After successfully moving KWCB into the San Antonio radio market, Barger started working on moving KONO-FM closer to San Antonio. The initial proposal called for KONO-FM to broadcast from the tower used by KAJA (which was named for Barger's kids when he was the GM). Barger proposed switching KONO-FM's city of license from Fredericksburg to Castroville. KONO-FM would also downgrade from a Class C to a Class C1. A counter-proposal was actually granted by the FCC, where KONO-FM would move to KAJA's tower, but be licensed to Helotes, making up for an AM station licensed to that city that went dark several years earlier.

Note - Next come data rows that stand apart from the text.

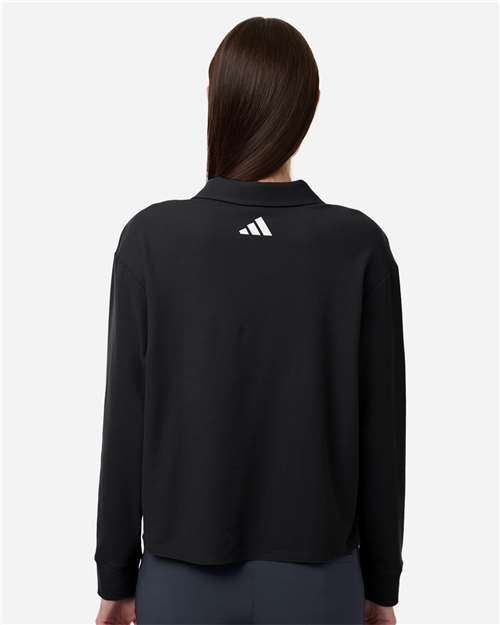 Women's Beyond Long Sleeve Loose Polo - A1008 23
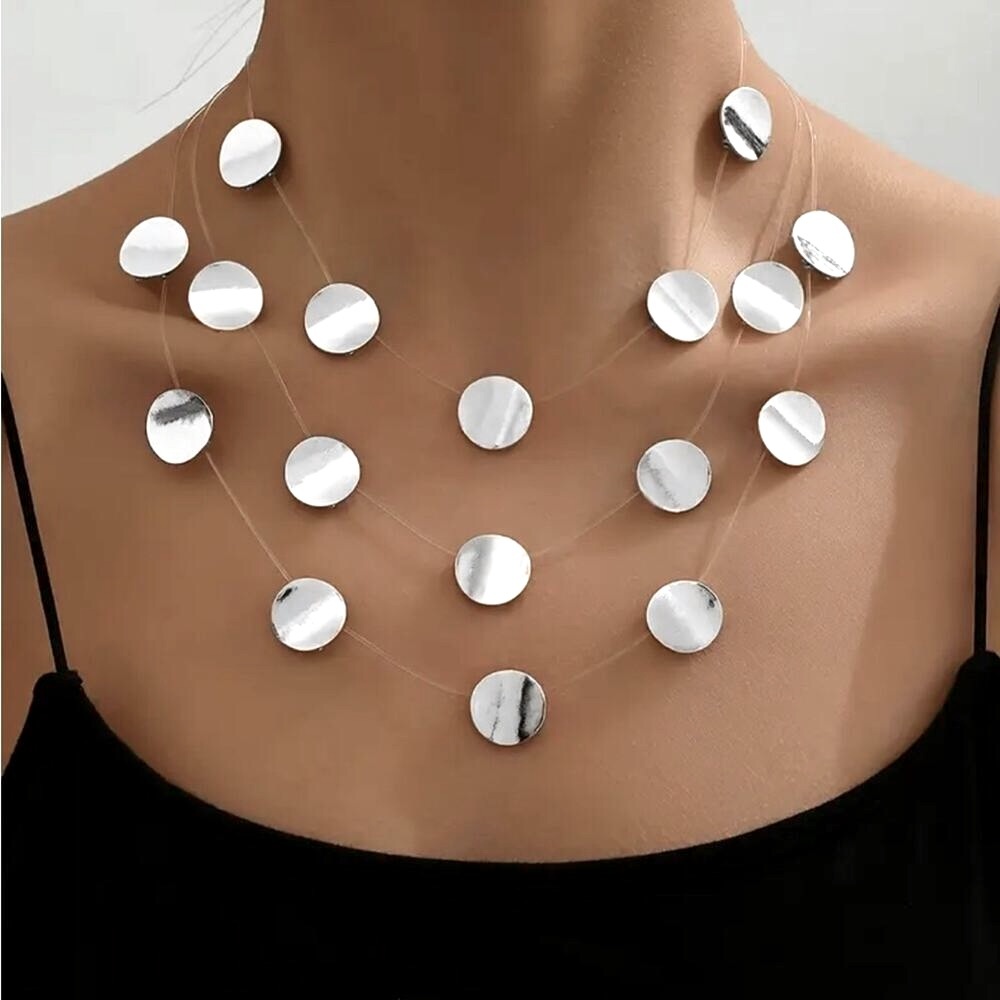Boutique Elegant Silver Invisible Necklace Design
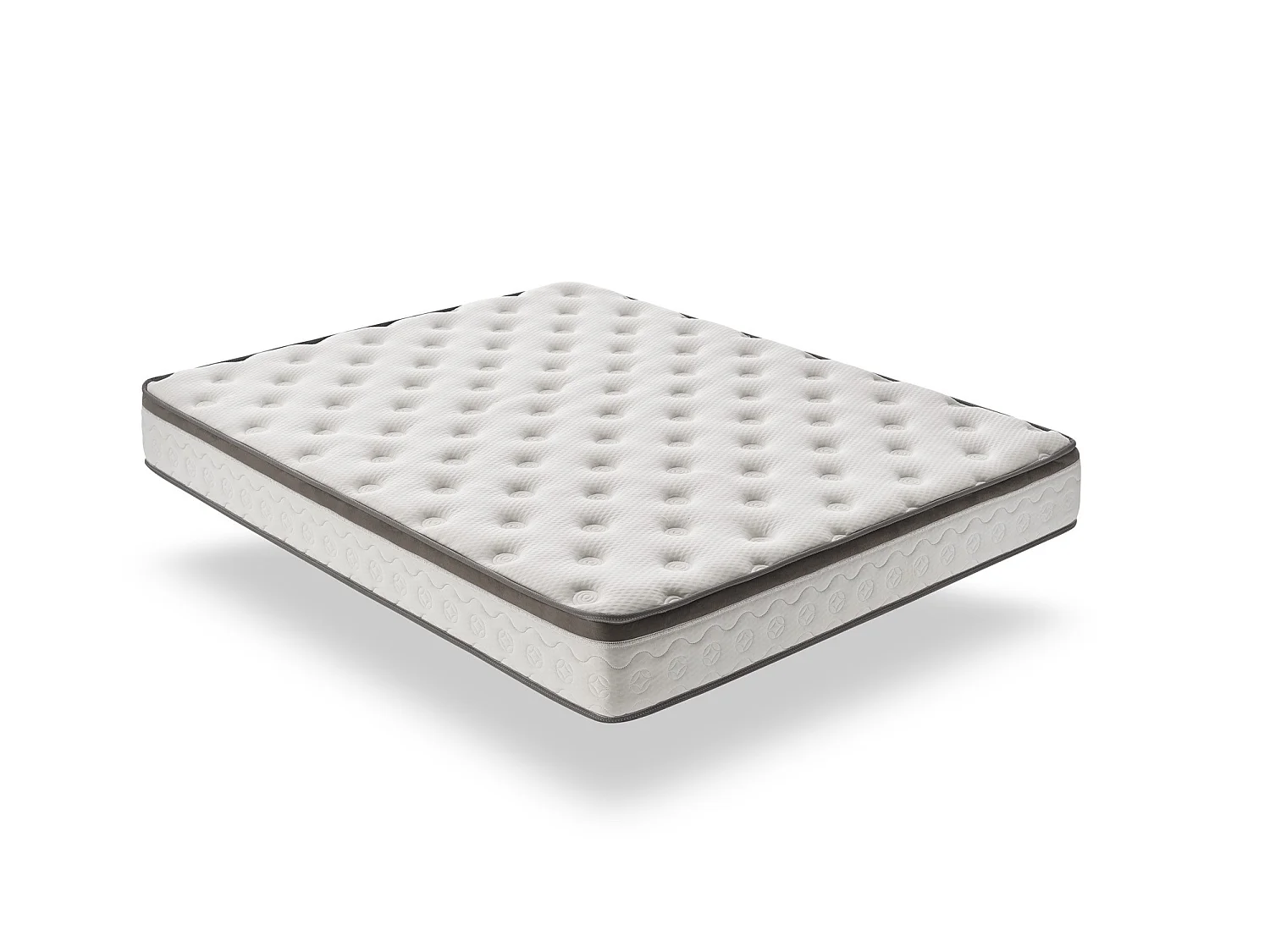 Matelas Visco Luxury Crystal Premium 80x190 Hauteur 28 cm ±2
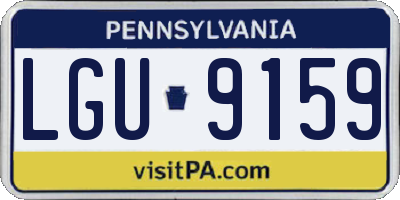PA license plate LGU9159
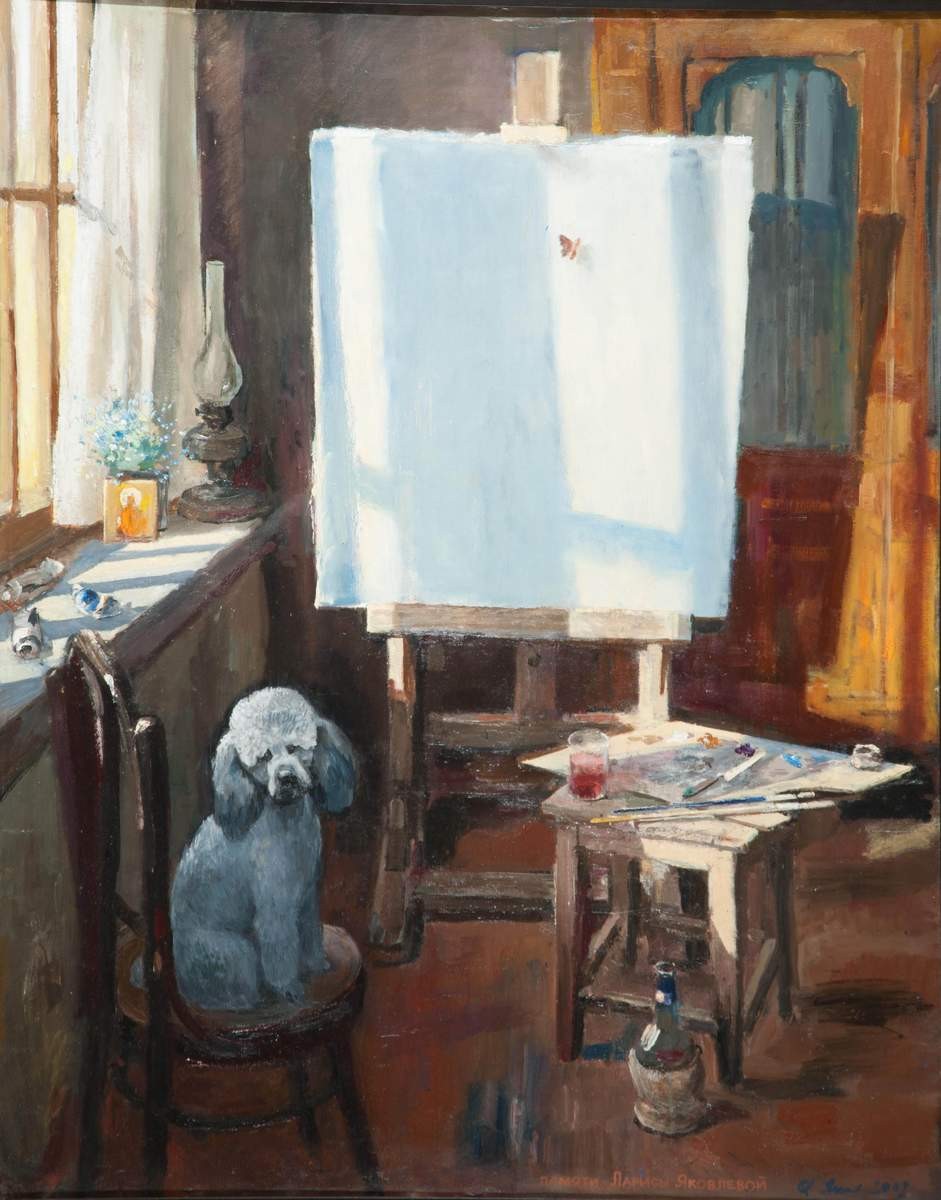 Размышление. Памяти Ларисы Яковлевой, Andrey Yakovlev, 2009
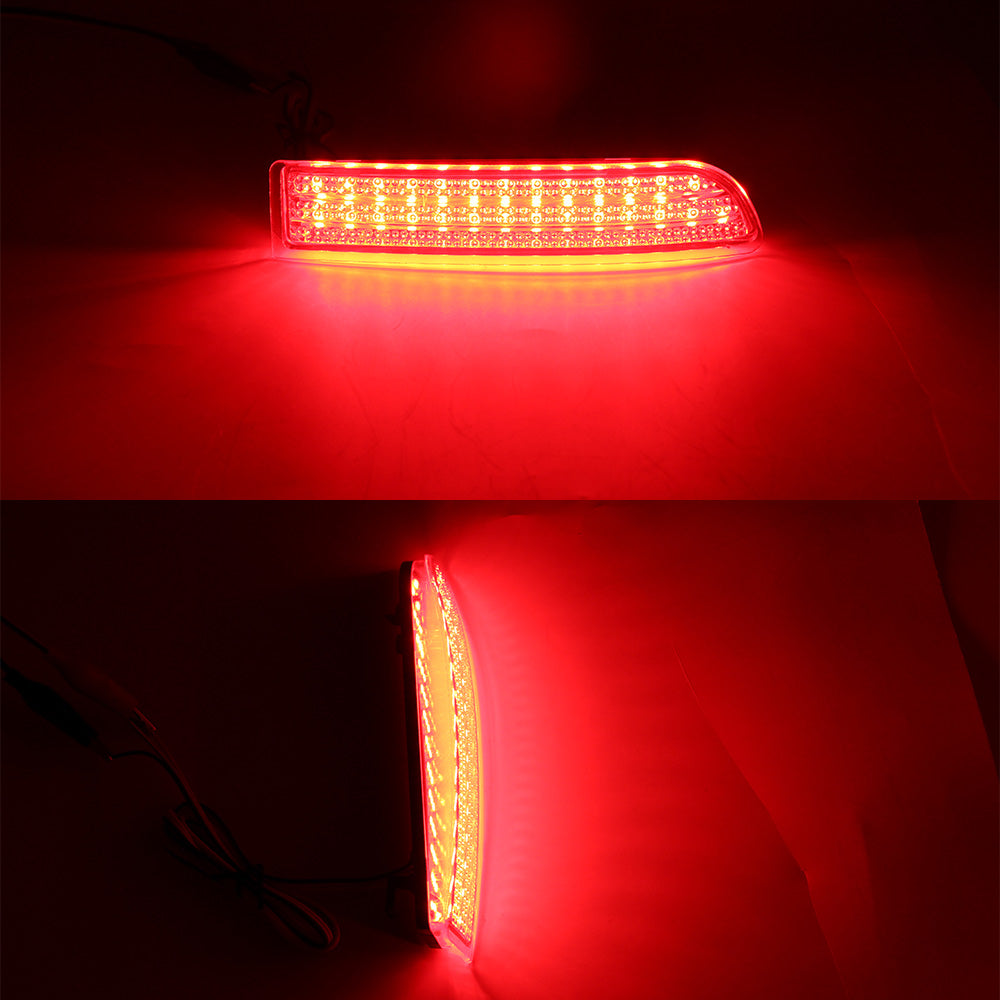Red Lens 39-SMD LED Rear Bumper Reflector Tail Brake Light For 2008-2014 Scion xD/2006-2012 Toyota RAV4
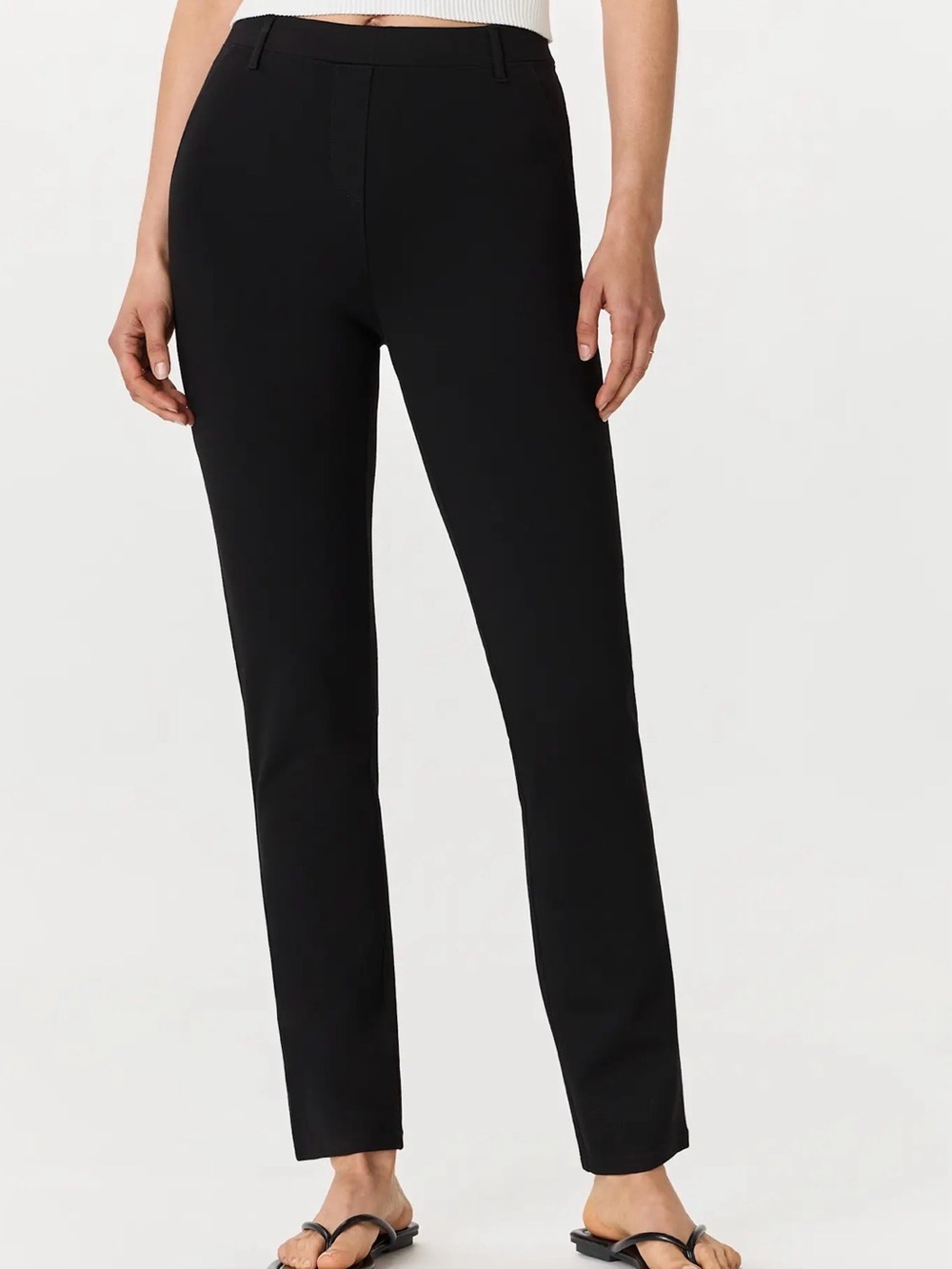 Ultra-Stretch Ponte Straight Leg Pants Women’s size Medium 28” inseam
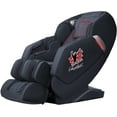 thumbnail image 1 of BestMassage Full-body massage chair, zero-gravity electric acupressure with thermotherapy casters SL-Track stretching vibration wireless bluetooth speaker, Black, 1 of 8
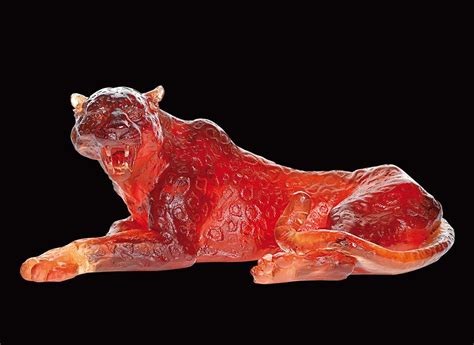 Art & collectibles craft supplies. Daum Crystal Cheetah Amber | Daum, Crystals, Crystal figurines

===Cox Radio acquisition===
In 1996, radio ownership rules were further relaxed with the Telecommunications Act of 1996. In 1998, Cox Radio, entered the market by acquiring New City Communications and its three stations: KKYX, KCYY and KCJZ. Then, Cox acquired Rusk Communications. and Barger (Cox spun off KRIO-FM to comply with ownership rules.) Cox had assembled a super cluster that combined the four former oldies stations, once bitter rivals, under the same roof.

The simulcast on KONO and KONO-FM ended when the AM flipped to all sports using the CBS Sports Radio Network, beginning January 31, 2014.

On January 13, 2017, at 6 p.m., KONO returned to oldies. This time, KONO concentrated on the 1960s/70s, while KONO-FM skews a bit younger, with a mostly 1980s-based playlist with some 70s titles and a few 90s songs.

On August 28, 2024, it was reported that KONO flipped from oldies to business talk Bloomberg Radio. The final song played on KONO as “86KONO” was “Daydream” by The Lovin’ Spoonful.